FRANKFURT, Germany (AP) - The European Central Bank is confronting a slow recovery and inflation that's too low as its top officials hold their monthly interest-rate meeting Thursday.
FRANKFURT, Germany (AP) — The European Central Bank is confronting a slow recovery and inflation that's too low as its top officials hold their monthly interest-rate meeting Thursday.
The monetary authority for the 18 countries that use the euro has already cut its benchmark interest rate to a record low 0.25 percent in an effort to stimulate growth.
Analysts say the ECB probably won't take further action economy at this meeting — but might in coming months. Investors will listen closely to President Mario Draghi's news conference for clues about what the bank might do.
The ECB faces worries over weak inflation of only 0.8 percent annually. That's a sign of anemic growth — and also makes it harder for financially troubled eurozone countries such as Greece to reduce their heavy debt loads.
The ECB's goal is to keep price increases just under 2 percent. Lowering the ECB's benchmark interest rate and easing terms when it lends to private-sector banks can help do that. But so far the central bank's low rate is not getting through to customers in countries that need it the most.
Analysts say the ECB could eventually offer cheap, long-term loans to commercial banks on the condition the money is loaned to companies so they can expand their business. The eurozone economy grew only 0.1 percent in the third quarter.
Potential stimulus measures all have drawbacks. The bank could cut its benchmark rate at which it loans to commercial banks to 0.1 percent or even 0.0 percent. The hope would be that banks would then pass the cut along in terms of lower borrowing costs for companies. A rate cut could also help lower the euro's exchange rate, boosting the competitiveness of the bloc's exports.
But the benchmark rate is already close to as low as it can go and often isn't being passed on by banks that have weak finances themselves.

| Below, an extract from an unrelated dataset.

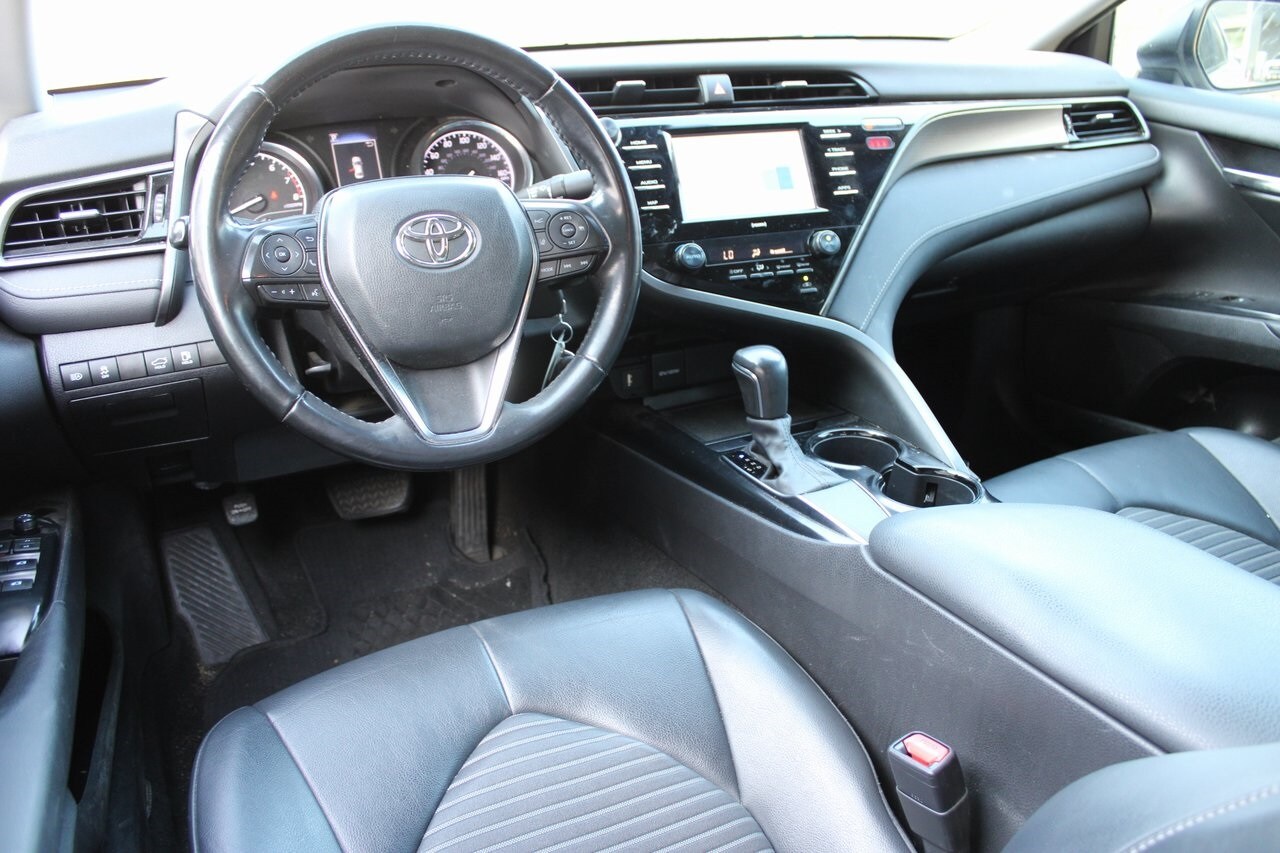2020 Toyota Camry SE photo 4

Likewise, cutting the deposit rate into negative territory — that is, charging banks to hold money at the ECB instead of paying them — could push them to lend. But the banks could simply pass the costs on to their customers.
The ECB could also in theory try to increase the supply of money in the economy by purchasing financial assets such as government bonds using newly-created money, as the U.S. Federal Reserve has done. ECB officials, however, have said such a step would be very complicated in a currency union with debt issued by 18 different governments.